Ich denke nur an dich(貴方の事ばかり、考えています)

 

「すまねぇ、ドイツ語(・ ・ ・ ・)はサッパリなんだ」

 日本語で頼む。あと、距離。近いよ。この距離は、恋人とかの距離だよ?

 

 外国の人って、日本人と違って積極的だ、ってテレビで言っていたけど、本当なんだね。

……アホな事考えている場合じゃないよ。離れてもらわなきゃ。周りの人達に勘違いされちゃう。

 

 現に、俺達(・ ・)を見た職員さんが、「イチャついてる」と言って、興味深そうに観察しているし。

 

(違う。違うんです。イチャついてなんて、いません)

 そもそも、何故こんな事になったんだ?

 俺はただ、提督免許の更新の為に、大本営に来ただけなのに。

 

 

 

 

──────────────

 

 

───────

 

 

───

 

 

 

 

 

 

side 提督

 

 

 

──第603鎮守府、執務室──

漁開始(・ ・ ・)二十日目。

23:00。

 

 

 

 終わらない。書けども書けども、次々に増える。

 特にここ数日、今までとは比べ物にならない程の書類が送られてくる。

 そのせいで、ほぼ毎日徹夜だ。

 仮眠を取ったりしているが、眠りが浅いからか、疲れが取れない。

 

……よし。

 

 

「これ全部、燃やしていい?」

 そうすれば、無かった事になる。最初からこうすりゃ良かったんだ。

 

「ダメです」

 

「ああああああああああ!!!」

 

「絶叫している暇があるなら、手を動かしなさい」

 

「……分かったよ」

 怒られちった。それもそうだ。普通に考えたら、ありえない事を言ったのだから。

 

 

 異常に巨大化した魚介類が出現し、その対応をする事になって二十日が経った。

 この二十日間、数え切れない程の魚介類を処理(・ ・)してきたが、一向に減る気配が無い。

 

 話が脱線するが、巨大化した魚介類の出現以降、深海棲艦が出現しなくなった(・ ・ ・ ・ ・ ・ ・ ・)

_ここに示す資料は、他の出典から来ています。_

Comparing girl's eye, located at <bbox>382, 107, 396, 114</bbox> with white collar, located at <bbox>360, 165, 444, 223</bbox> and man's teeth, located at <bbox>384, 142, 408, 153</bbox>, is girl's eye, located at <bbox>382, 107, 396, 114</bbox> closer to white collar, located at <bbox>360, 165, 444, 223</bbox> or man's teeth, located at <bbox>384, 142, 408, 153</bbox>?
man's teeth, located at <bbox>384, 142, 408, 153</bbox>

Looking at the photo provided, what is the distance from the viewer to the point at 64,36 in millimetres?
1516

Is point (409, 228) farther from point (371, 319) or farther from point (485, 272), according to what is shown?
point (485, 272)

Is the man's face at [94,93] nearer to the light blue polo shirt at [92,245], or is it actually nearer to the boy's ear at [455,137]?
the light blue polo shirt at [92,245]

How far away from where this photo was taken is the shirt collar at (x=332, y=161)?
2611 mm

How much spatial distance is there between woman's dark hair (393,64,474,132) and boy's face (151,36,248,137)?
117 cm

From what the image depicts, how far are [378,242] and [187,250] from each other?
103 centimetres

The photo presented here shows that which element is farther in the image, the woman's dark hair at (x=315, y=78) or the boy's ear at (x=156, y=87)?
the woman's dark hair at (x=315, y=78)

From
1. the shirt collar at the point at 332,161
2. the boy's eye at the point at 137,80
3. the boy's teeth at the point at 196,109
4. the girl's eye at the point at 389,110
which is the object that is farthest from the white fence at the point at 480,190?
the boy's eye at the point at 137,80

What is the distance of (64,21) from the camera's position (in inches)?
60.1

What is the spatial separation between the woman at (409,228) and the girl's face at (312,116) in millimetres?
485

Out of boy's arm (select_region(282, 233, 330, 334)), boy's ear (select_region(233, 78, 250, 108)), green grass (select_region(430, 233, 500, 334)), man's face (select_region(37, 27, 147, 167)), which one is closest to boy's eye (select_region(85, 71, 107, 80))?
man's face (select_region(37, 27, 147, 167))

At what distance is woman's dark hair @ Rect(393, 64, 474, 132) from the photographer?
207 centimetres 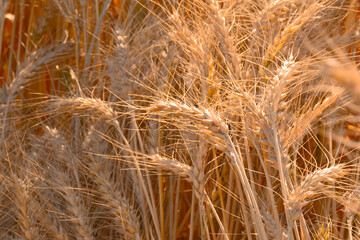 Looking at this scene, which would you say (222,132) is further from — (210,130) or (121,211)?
(121,211)

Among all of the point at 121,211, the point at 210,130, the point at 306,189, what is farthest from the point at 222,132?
the point at 121,211

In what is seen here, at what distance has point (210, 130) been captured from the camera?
914 mm

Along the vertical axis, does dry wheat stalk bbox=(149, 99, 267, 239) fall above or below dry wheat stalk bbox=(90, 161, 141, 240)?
above

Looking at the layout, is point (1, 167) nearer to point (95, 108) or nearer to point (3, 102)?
point (3, 102)

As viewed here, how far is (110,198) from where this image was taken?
4.30ft

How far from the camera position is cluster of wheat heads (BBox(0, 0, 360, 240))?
0.94 m

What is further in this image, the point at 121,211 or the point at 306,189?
the point at 121,211

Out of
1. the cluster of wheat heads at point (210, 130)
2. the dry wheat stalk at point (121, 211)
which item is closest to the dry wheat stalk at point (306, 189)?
the cluster of wheat heads at point (210, 130)

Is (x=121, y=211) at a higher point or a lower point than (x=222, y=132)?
lower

 何度も索敵しているが、駆逐イ級ですら一隻も確認出来ない。

 お陰で()に集中出来るから良いんだけど、不気味で仕方ない。

 

 どうやら大本営によると、ウチ(第603鎮守府)向こう(第8492離島鎮守府)が担当する海域のみ、深海棲艦が確認されていない、との事。

 

……まさかとは思うが、巨大化した魚介類に(・ ・ ・ ・)喰われた(・ ・ ・ ・)から、出現しなくなったのかな?

 

……いや、それは無い。生け捕りにした魚介類を捌いているが、胃袋から深海棲艦の一部(・ ・ ・ ・ ・ ・ ・)が出て来ていないし。

 

 閑話休題。

 

 他所の鎮守府も毎日対応・処理(・ ・)しているが、次々に出現し、焼け石に水な状態らしい。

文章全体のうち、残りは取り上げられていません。